The name N-Queens of the thread hints at a more general approach to the task: 5 ... 8, 9 ... N queens on 5×5 ... 8×8, 9×9 ... N×N boards with the definition of all positions in each variant:
Code:

10->R
0->Ticks% : Ticks%->U
`#CBINT
R->Dim A : R->Dim B
Wait 0 : MatBase(1)
Norm 2 : ClrText
"_"+ToStr(R)+"-queens"
"_"+ToStr(R)+"×"+ToStr(R)+"_board"
"P=" : "S=" : "t="
0->P : 0->S : 0->X
Lbl 0 : X<>R⇒Goto 5
Mat A->Mat B
Isz P : Goto 4
Lbl 5 : Isz X : R->A[X]
Lbl 1 : Isz S : X->Y
Lbl 2 : Dsz Y
A[X]-A[Y]->T⇒Goto 3
Y=0⇒Goto 0 : Goto 4
Lbl 3 : (X-Y)≠Abs T⇒Goto 2
Lbl 4 : Dsz A[X] : Goto 1
Dsz X : Goto 4
Locate 3,3,ToStr(P)+"_positions"
Locate 3,4,ToStr(S)+"_steps"
`#CBDBL
Ticks%->V : (V-U)/2^15->U
10^(3-Int log U)->V
Int (UV)/V->U
Locate 3,5,ToStr(U)+"_sec"
"END"
//ticks=1/128_sec, ticks%=1/32768_sec.

For N=10 (10->R), the calculator gives the result:
_10-gueens
_10×10 board
P=724_positions
S=348150_steps
t=177.1_sec
// Mat B=[[1,3,6,8,10,5,9,2,4,7]] is the last position 724.
For other N the calculation time t(N) for GII-2 (CBASIC) can be estimated approximately:
t(15)~10 +/- 1_days, t(20)~150 +/- 15_years.
Just for comparison, on modern laptop PC:
t(15)~10_minutes, t(20)~40_days.

If we need to have a record of all the positions in each variant, then the program code should be slightly changed (after Lbl 0):
Code:

10->R
0->Ticks% : Ticks%->U
`#CBINT
R->Dim A.B : R->Dim B.B
Wait 0 : MatBase(1)
Norm 2 : ClrText
"_"+ToStr(R)+"-queens"
"_"+ToStr(R)+"×"+ToStr(R)+"_board"
"P=" : "S=" : "t="
0->P : 0->S : 0->X
Lbl 0 : X<>R⇒Goto 5
If P
  Then Augment(Mat B, Mat A)->Mat B
    Else Mat A->Mat B
IfEnd
Isz P : Goto 4
Lbl 5 : Isz X : R->A[X]
Lbl 1 : Isz S : X->Y
Lbl 2 : Dsz Y
A[X]-A[Y]->T⇒Goto 3
Y=0⇒Goto 0 : Goto 4
Lbl 3 : (X-Y)≠Abs T⇒Goto 2
Lbl 4 : Dsz A[X] : Goto 1
Dsz X : Goto 4
Locate 3,3,ToStr(P)+"_positions"
Locate 3,4,ToStr(S)+"_steps"
`#CBDBL
Ticks%->V : (V-U)/2^15->U
10^(3-Int log U)->V
Int (UV)/V->U
Locate 3,5,ToStr(U)+"_sec"
"END"
//In this code R->Dim Mat A.B defines binary-type matrix to save RAM.
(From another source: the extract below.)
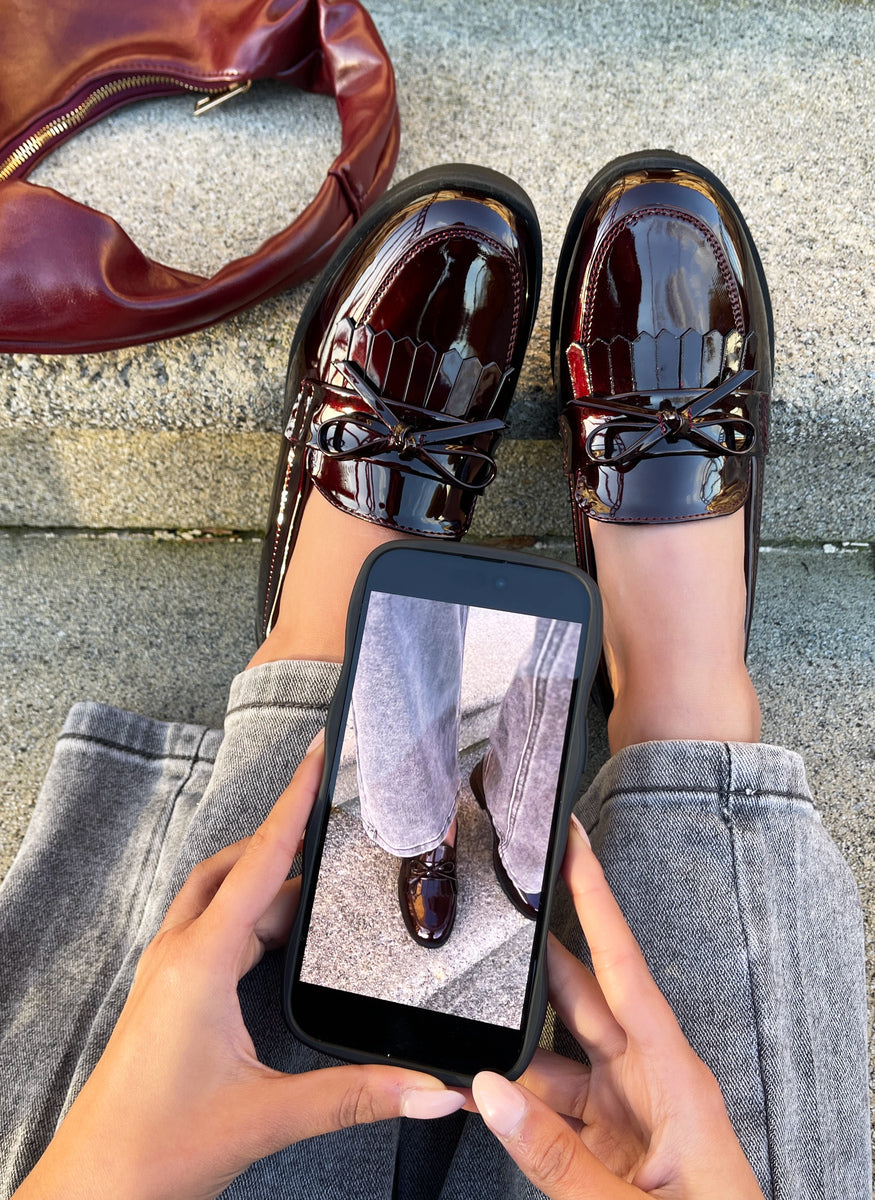 Bow Detail Flatform Slip On Loafer Shoes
Example for N=11, GII-2(CBASIC):
P=2680_positions
S=1806706_steps
t=2741_sec
Mat B is the array of all positions.
This is the limit for CASIO, as the array with the results 8_rows×2680_columns=21440_cells and more dramatically reduces performance. The option without recording all positions gives t(11)=984_sec (i.e. ×2.8 times faster).
In my opinion, the second version of the program (complete 10-queens benchmark) is very well suited for testing modern fast calculators. It checks not only the speed of calculations, but also manipulations with a large array of data.
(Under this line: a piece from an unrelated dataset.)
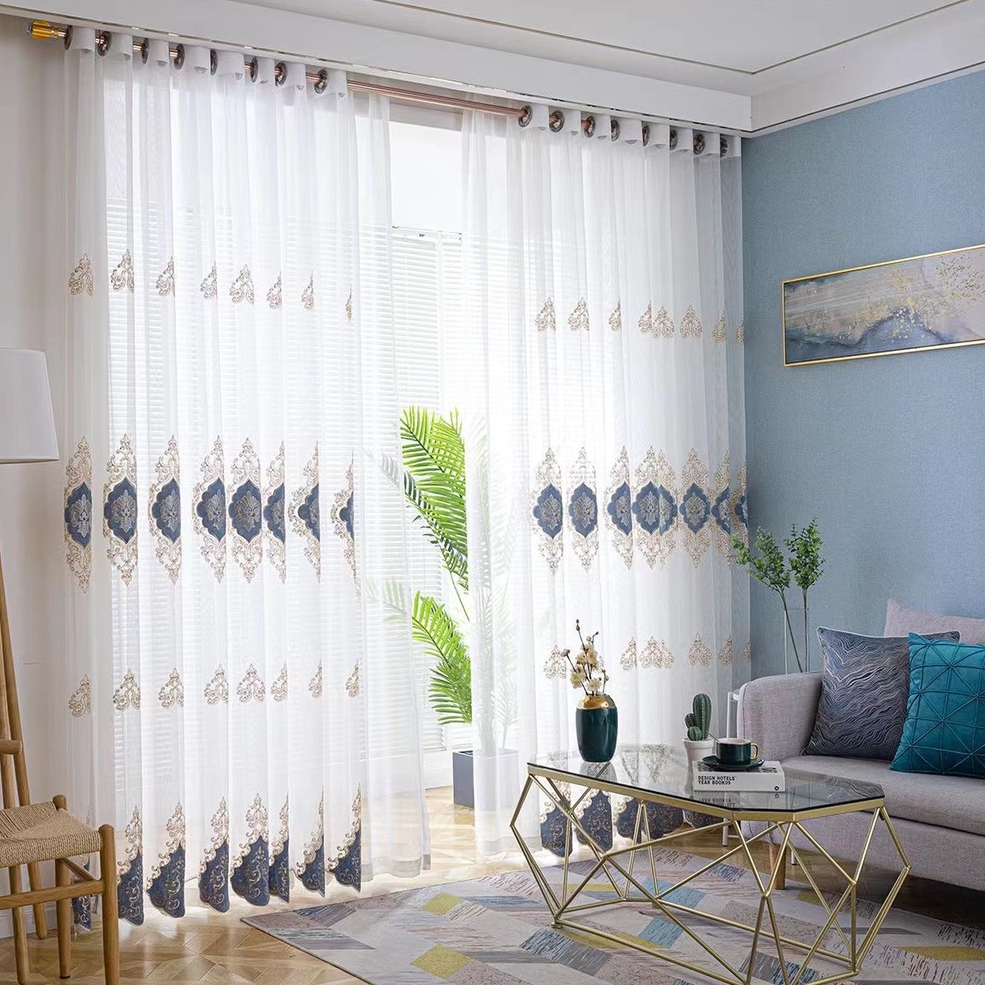White Sheer Voile Curtain Window Drape Embroidered Luxury Tulle Gauze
RE: N-Queens results on Casio calculators - John Keith - 08-29-2024 12:18 PM

(08-28-2024 08:19 PM)Hlib Wrote:  ...
Just for comparison, on modern laptop PC:
t(15)~10_minutes, t(20)~40_days.

...

In my opinion, the second version of the program (complete 10-queens benchmark) is very well suited for testing modern fast calculators. It checks not only the speed of calculations, but also manipulations with a large array of data.

As you have shown, this simple algorithm is impractical for n queens where n is greater than 12 or 14. Modern algorithms such as simulated annealing and its variants, or Knuth's Algorithm X, can find solutions for n in the thousands very quickly. See many references on Wikipedia. I would suggest that one of the modern algorithms might be more suited to testing modern calculators because they do more than just moving stuff around in memory.


RE: N-Queens results on Casio calculators - toml_12953 - 08-31-2024 02:40 AM

(08-29-2024 12:18 PM)John Keith Wrote:  As you have shown, this simple algorithm is impractical for n queens where n is greater than 12 or 14. Modern algorithms such as simulated annealing and its variants, or Knuth's Algorithm X, can find solutions for n in the thousands very quickly. See many references on Wikipedia. I would suggest that one of the modern algorithms might be more suited to testing modern calculators because they do more than just moving stuff around in memory.

That's fine as long as you don't compare the times measured using the new algorithms with those measured with the old when comparing hardware. If you just want to compare the old algorithm with the new, then that's a valid comparison.